Ready to find out more? Here’s your three steps:
Step 1: Keep a grocery list where everything you need is written down as soon as you know you need it.
Even with all the technology today, I find it best to just delegate this job to good old-fashioned pen and paper. I tried at one time to keep this list on my smart phone (that way it was always with me when I needed it), but I found it wasn’t effective because all the members of the family (mainly my husband right now) weren’t able to contribute to it. What happens when your spouse changes the toilet paper a few days before your shopping trip and uses the last roll? If there’s no place for them to immediately write down the shortage, you will be running to the store again a few days later for the one important item you really can’t go without.
Instead, it’s much easier to just write it down immediately on a grocery list so that no one has to try and remember it later. (Bonus: The more you can clear these small “things to remember” out of your head, the more focus you will have on other parts of your day!) Keep this list in an easily accessible, central location. We have a buffet in the kitchen/dining area which acts as command central for our home. On this you will find keys, cell phones & chargers, wallets/purses, the grocery list, recipes for the week, letters that need to be mailed, other errands that need to be run, etc.

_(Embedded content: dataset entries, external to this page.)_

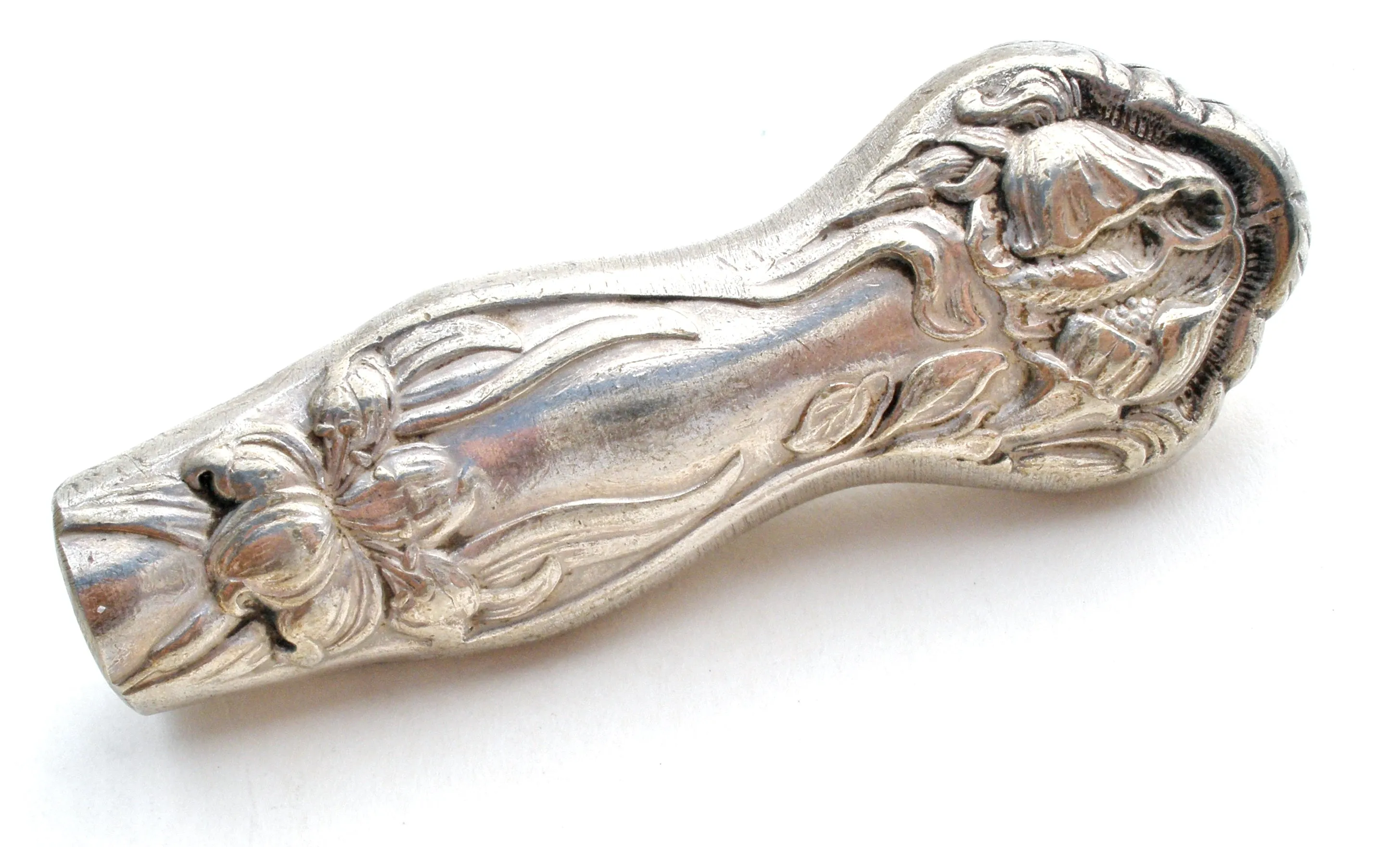 Silverplate Spoon Handle Brooch Pin Art Nouveau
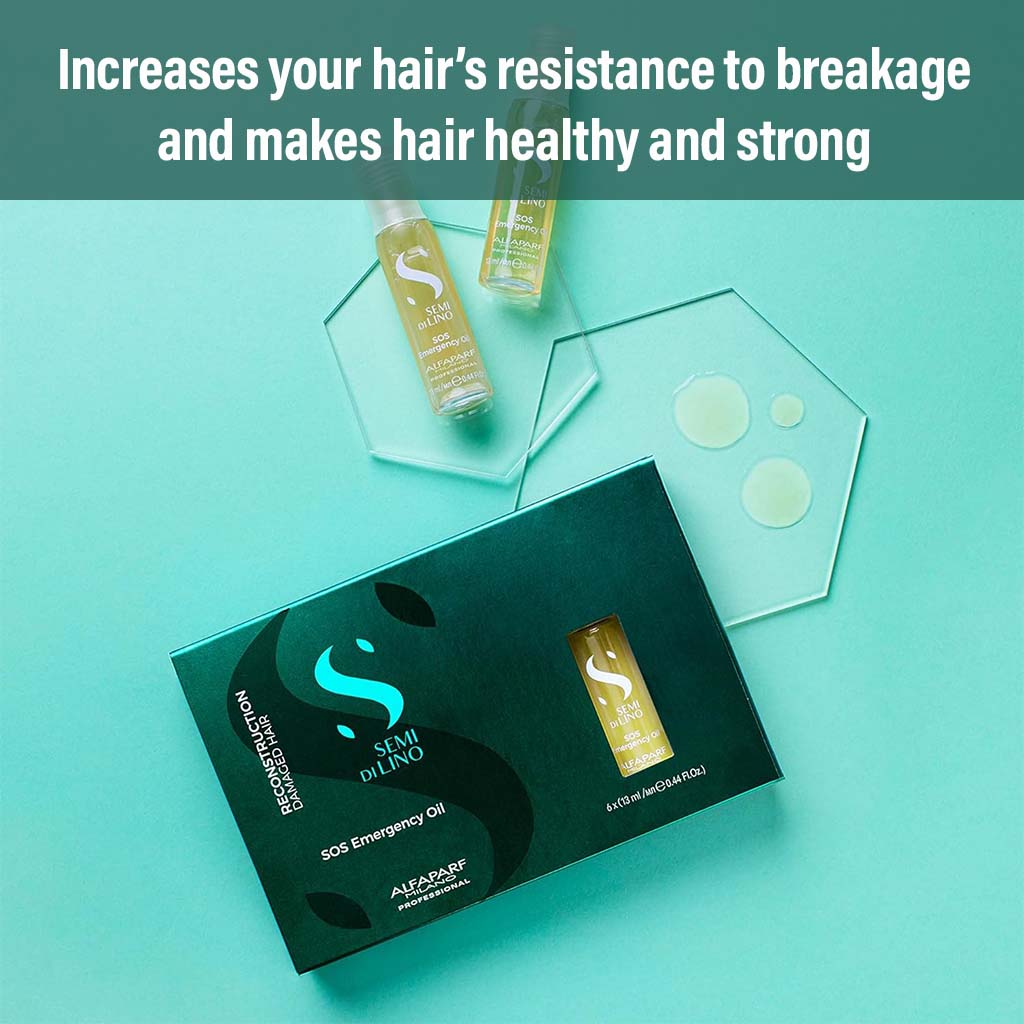 Alfaparf Milano Semi Di Lino SOS Emergency Hair Oil Professional Reconstruction Treatment For Damaged Hair, Pack of 6 x 13ml Vials - Easy Pharmacy LLC
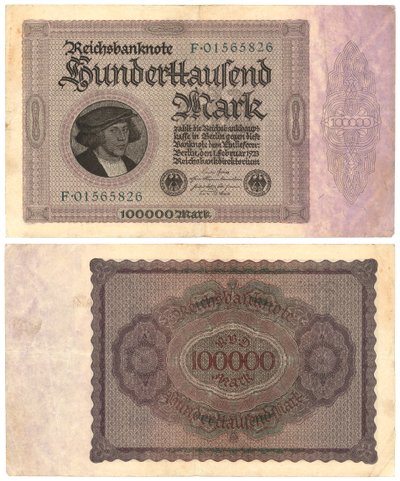 Banknot sto tysięcy marek, 1923 (odwrócony i odwrócony) autorstwa German School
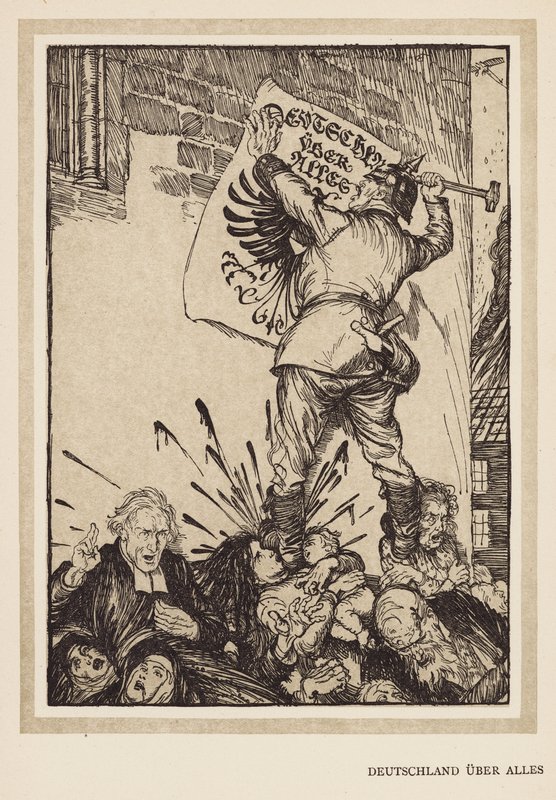 Girlanda cesarska: Deutschland Uber Alles (litho) autorstwa Edmund Joseph (after) Sullivan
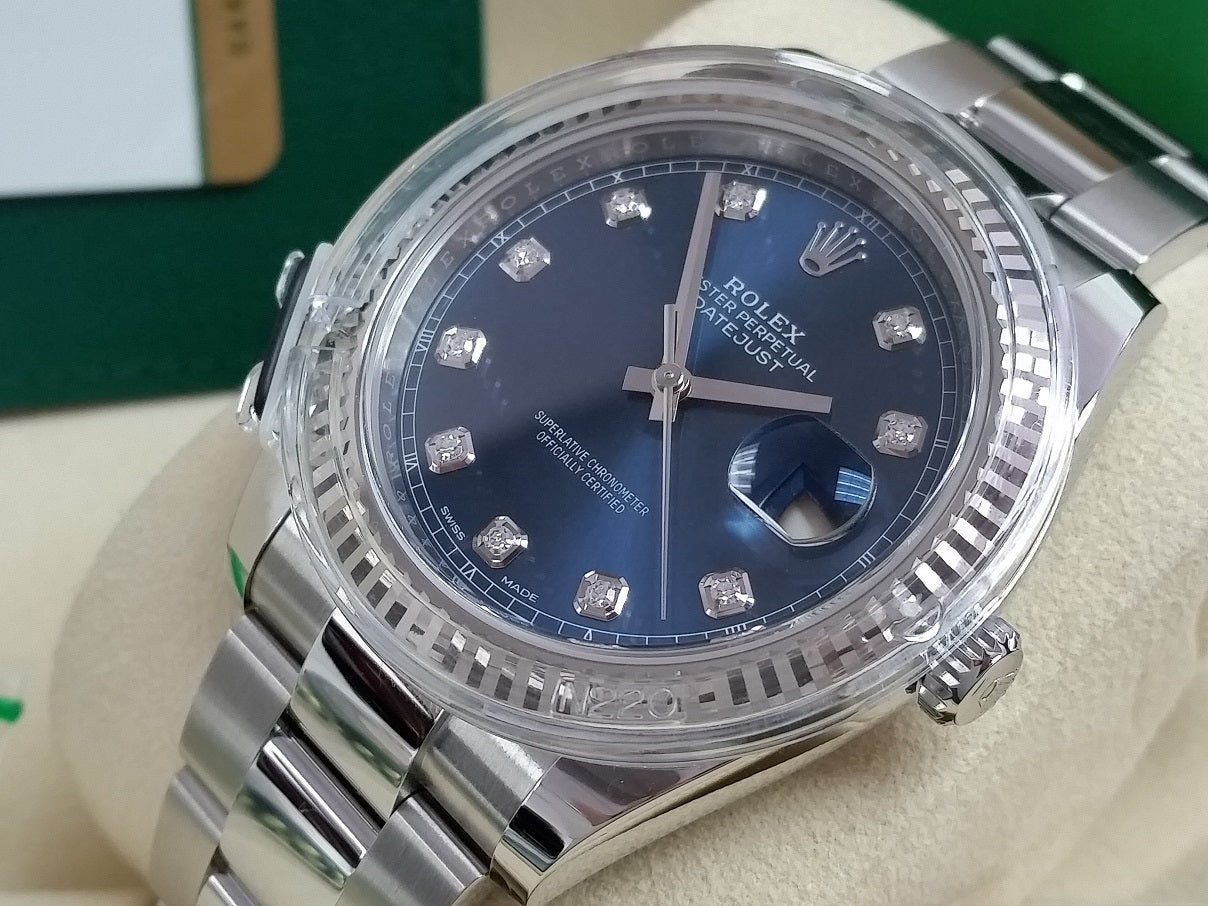 Rolex Datejust 41 II 126334 Jubilee 18k White gold Bezel Blue diamond dial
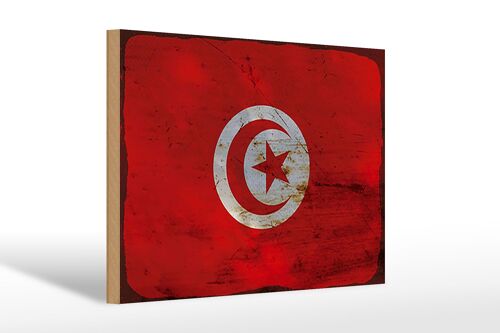 Holzschild Flagge Tunesien 30x20cm Flag of Tunisia Rost
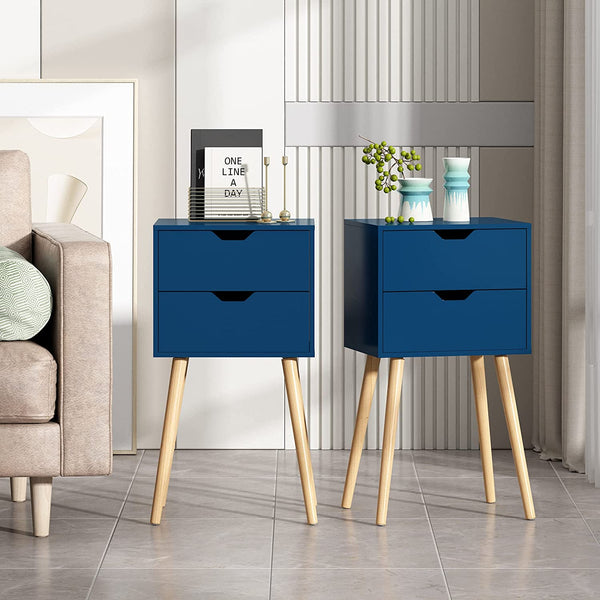 Set of 2 Modern Wood Nightstand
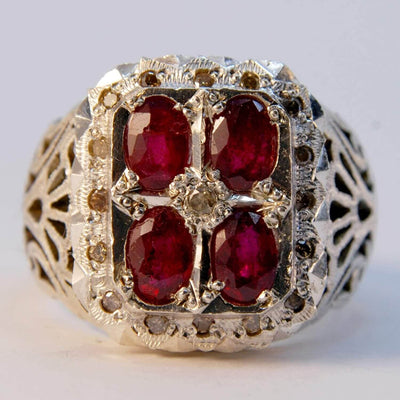 Handmade Persian Ring | Mens Ruby Rings | ruby rings for men with 16 diamonds | Ruby mens ring silver rings for men US SIZE 11 - Al Ali Gems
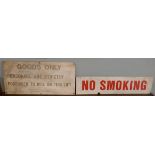 2 vintage metal signs - No Smoking & Goods Only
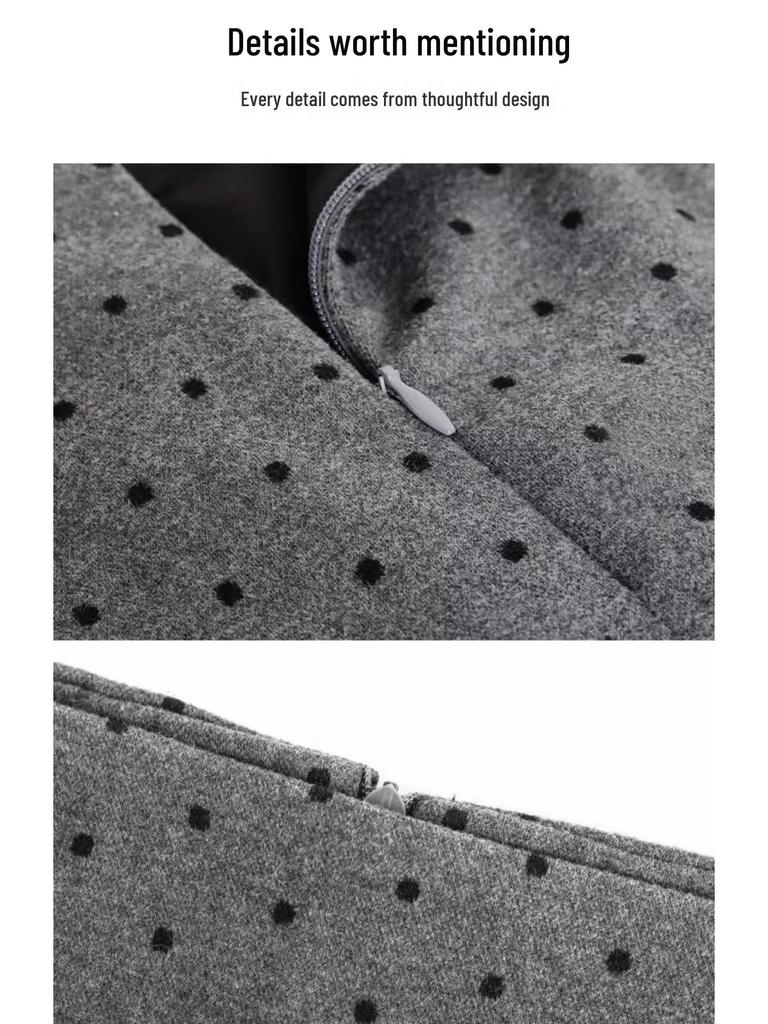 2025 Gray Slimming Plus Size Retro Woolen A-line Polka Dot Midi Skirt for Women - Autumn/Winter Collection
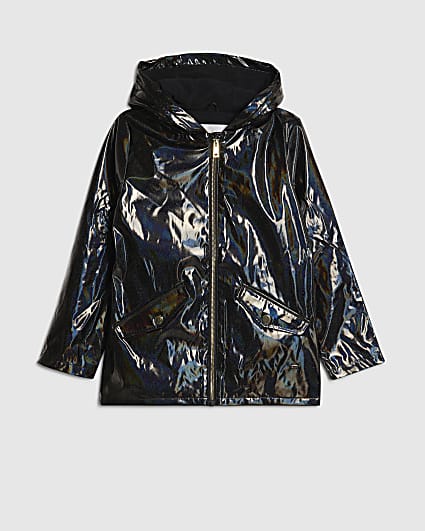 Girls Black Glitter Rainmac
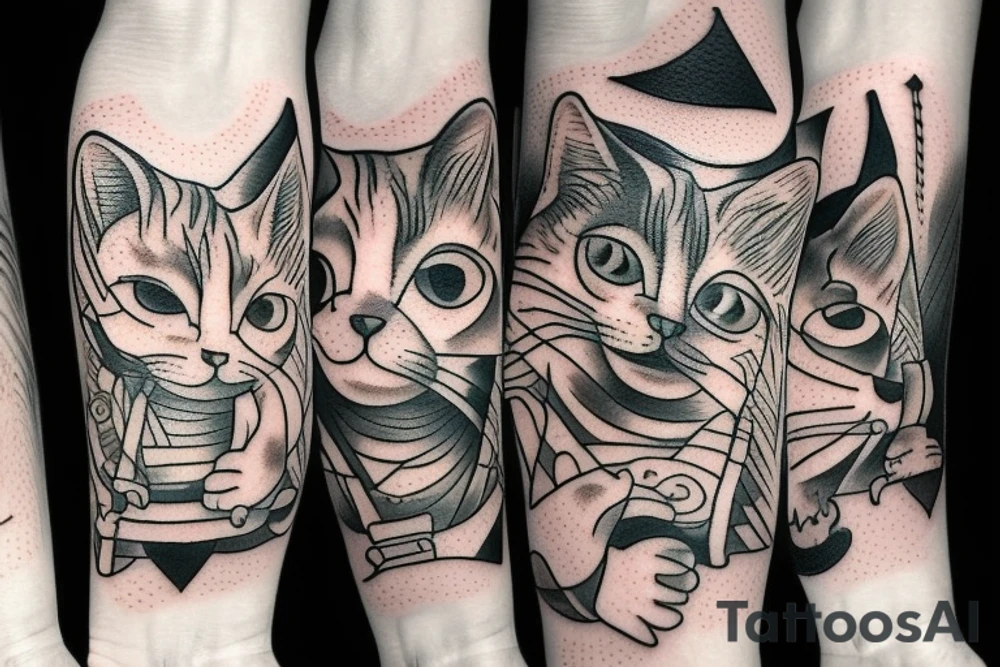 the cat goes to the well by car tattoo idea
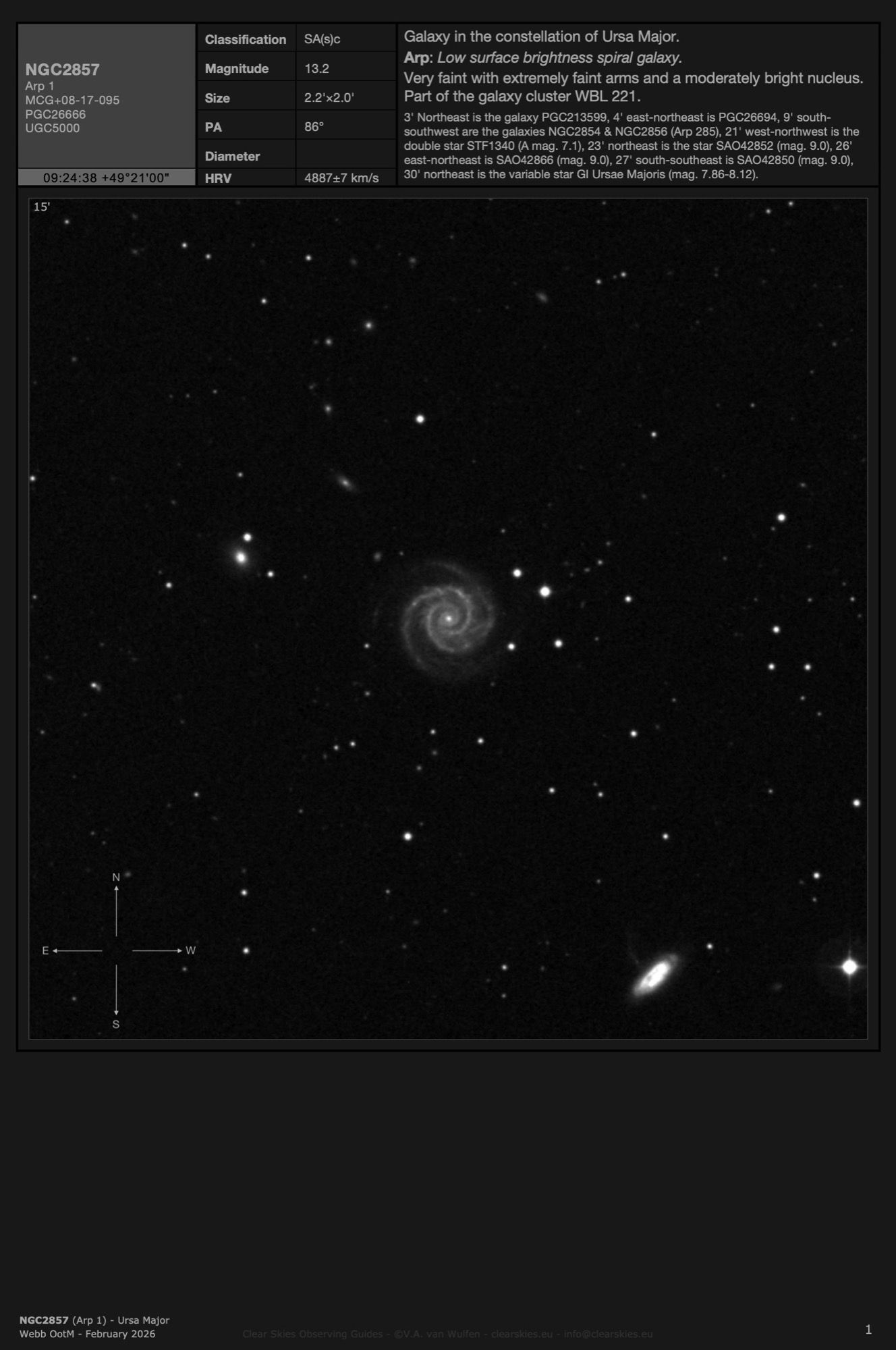 Galaxy NGC2857 (Arp 1) in Ursa Major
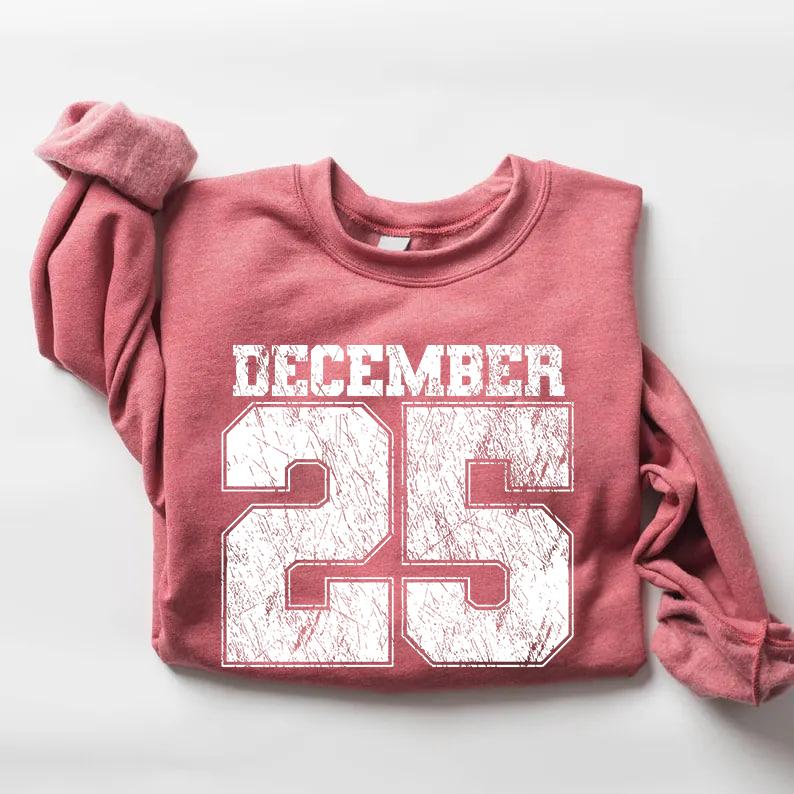December 25 Retro Christmas Sweatshirt (Buy 2 Free Shipping)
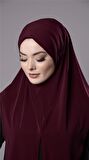 Bordo Pratik Hazır Geçmeli Tesettür Eşarp Sandy Kumaş Yırtmaçlı Düz Hijab 2310_16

Items get added to the grocery list as we use them up. If toilet paper or toothpaste runs low, it gets added to the list. If I’m cooking and use the last of the baking soda, it gets put on the list right away. That way, I don’t have to try and remember what those low items were when I’m at the store. It’s all on the list and I’m know that I’ll get everything I need as long as I stick to my list. It’s a failsafe that nothing gets forgotten. It’ll take some training to teach yourself to add an item to the list right away when you run low, but once you practice it enough, you’ll see that the benefit of always having what you need on hand is worth remembering to do it right away. (And trust me, this training can be done, even for non-list people! My husband is not a list/plan ahead guy for things like this. But after 3-4 shopping trips where what he wanted wasn’t purchased and he had to run to the store on his own to get that one special thing, he is now really good about putting things on the list as soon as he runs low. He started to realize the time saving benefit for himself as well!)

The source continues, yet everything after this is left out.